2.2. Ingevolge artikel 7.2, eerste lid, aanhef en onder b, van de Wet milieubeheer (hierna: Wm) worden bij algemene maatregel van bestuur de activiteiten aangewezen ten aanzien waarvan het bevoegd gezag moet beoordelen of zij belangrijke nadelige gevolgen voor het milieu kunnen hebben.
Ingevolge het tweede lid, voor zover van belang, worden terzake van de activiteiten, bedoeld in het eerste lid, de categorieën van plannen aangewezen bij de voorbereiding waarvan een milieueffectrapport (hierna: MER) moet worden gemaakt. Een plan wordt slechts aangewezen indien het plan het kader vormt voor een besluit als bedoeld in het derde of vierde lid.

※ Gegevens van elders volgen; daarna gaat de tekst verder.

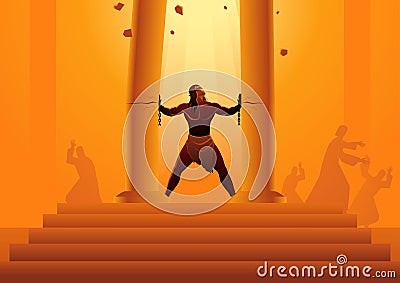 Samson held the pillars of the temple and pushing them apart Vector Illustration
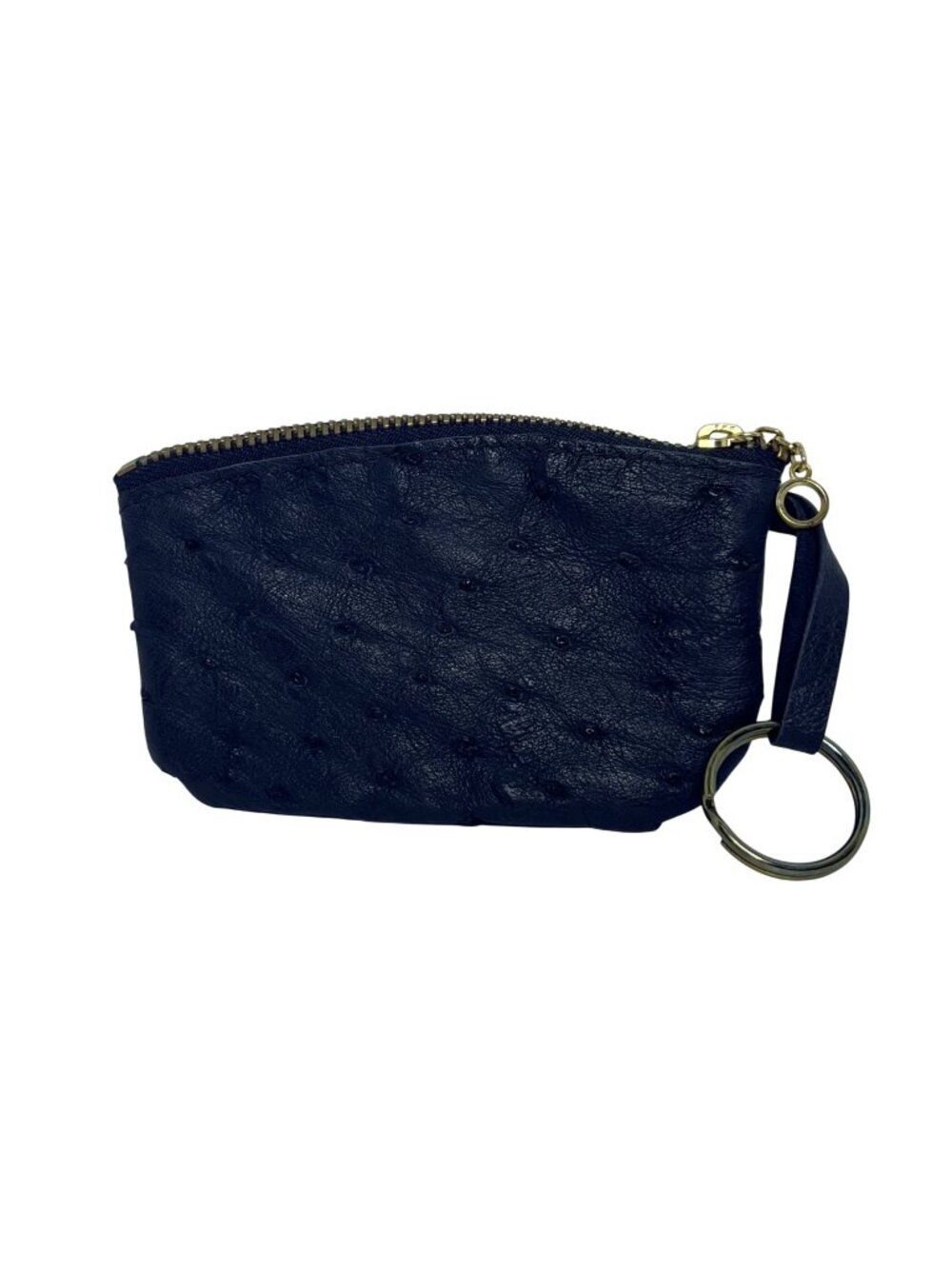Black Ostridge Zippered Coin Purse With Key Ring (6427)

Ingevolge het vierde lid worden ter zake van de activiteiten, bedoeld in het eerste lid, onder b, de categorieën van besluiten aangewezen in het kader waarvan het bevoegd gezag krachtens de artikelen 7.17 of 7.19 moet beoordelen of die activiteiten de in dat onderdeel bedoelde gevolgen hebben, en indien dat het geval is, bij de voorbereiding waarvan een milieueffectrapport moet worden gemaakt.
Ingevolge het tweede lid gelezen in verbinding met artikel 2, vijfde lid, aanhef en onder b, van het van het Besluit m.e.r., geldt voor zover in de bijlage, onderdeel D, bij een categorie van activiteiten categorieën van gevallen zijn aangegeven, de verplichting te beoordelen of ten aanzien van een besluit een MER moet worden gemaakt:
a. in zodanige gevallen en
b. in overige gevallen waarin op grond van selectiecriteria als bedoeld in bijlage III bij de EEG-richtlijn milieu-effectbeoordeling niet kan worden uitgesloten dat de activiteit belangrijke nadelige gevolgen voor het milieu kan hebben.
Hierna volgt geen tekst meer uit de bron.